SMDC History: Science fiction takes administrative step toward reality

By Sharon Watkins Lang (SMDC/ARSTRAT Command Historian)December 22, 2016

HEDI_ERIS
(Photo Credit: U.S. Army) VIEW ORIGINAL

In space and missile defense history, 1984 saw one of the first steps in a move from science fiction to reality. Although President Ronald Reagan announced his initial concept for the Strategic Defense Initiative in March 1983, it was not until December 1984 that the first elements were officially chartered.

On Dec. 20, 1984, the Secretary of the Army John O. Marshall, Jr. issued the first Project Manager Charters for the High Endoatmospheric Defense Interceptor, or HEDI, and the Exoatmospheric Reentry-vehicle Interceptor Subsystem, or ERIS.

Both project offices were to be located at 106 Wynn Drive, in Huntsville, Alabama, with functional and administrative support provided by the Ballistic Missile Defense Systems Command, or BMDSCOM. Both project managers reported through the BMDSCOM commander to the Ballistic Missile Defense program manager.

At this early stage the missions, as defined by the charters, were very similar. The managers were responsible for centralized management and direction of their projects in keeping with Army regulations, Department of Defense directive and instruction and related guidance. The two projects were to "support a BMDSCOM integrated technology demonstration."

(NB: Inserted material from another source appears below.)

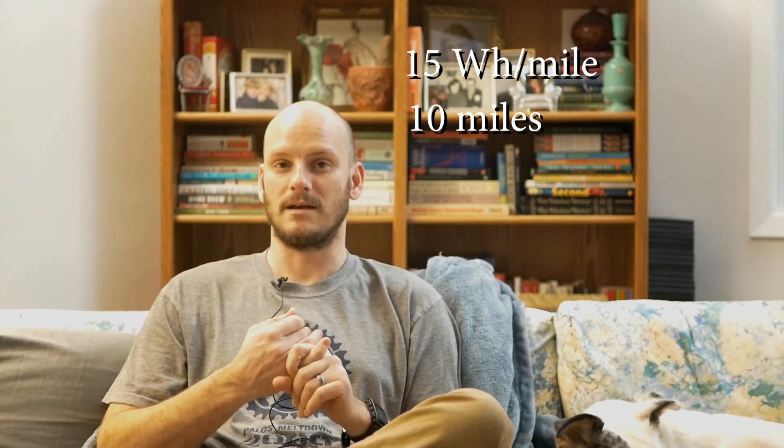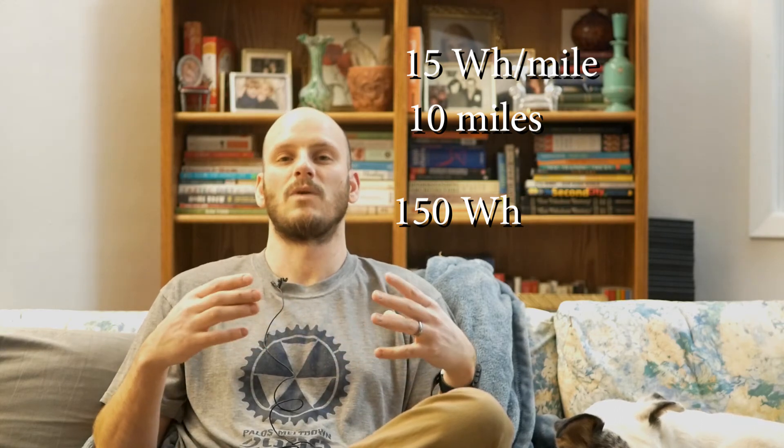The rough estimate I would give - let's use the Bafang system, the mid drive like the BBS02 or HD. The 02 is going to be more efficient on watt hours. If you have stock settings and you're using pedal assist 1, or if you have like a Sondors bike and you haven't done anything to it, you're probably going to be using roughly 15 watt hours a mile. So if you have a 10 mile commute - five miles there, five miles back - 15 watt hours times 10 is 150 watt hours. You need a battery with a capacity of at least 150 watt hours.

To that end, they were to be interoperable with the various BMDSCOM technology development initiatives that included efforts in: the Airborne Optical Adjunct, AOA; the Terminal Imaging Radar, TIR; and the Battle Management/Command Control and Communications, BM/C3.

There was, however, a distinct difference in the two missions. While a nonnuclear intercept of the approaching reentry vehicle was the end goal for the two interceptors, they pursued a different approach. The HEDI mission statement described an interceptor that "[would] receive commit instructions and handover data from the BMD radar and battle manager; launch and flyout to the predicted intercept point; initiate onboard homing; home to the target reentry vehicle (RV); fuze and detonate a nonnuclear warhead, and achieve RV kill."

The ERIS interceptor meanwhile following the home to the target reentry vehicle was designed to intercept and achieve a nonnuclear kill of the RV.

In many respects, this divergence in the mission reflects the status of the missile defense technology in 1984. During the summer, the Homing Overlay Experiment, or HOE, demonstrated the feasibility of a kinetic energy intercept in the exo-atmosphere. Thus the ERIS was to physically intercept its targets. It would be two more years, however, before the Flexible Lightweight Agile Guided Experiment, or FLAGE, would prove that a kinetic intercept was possible within the atmosphere. As a result at this point the HEDI was to be equipped with a warhead.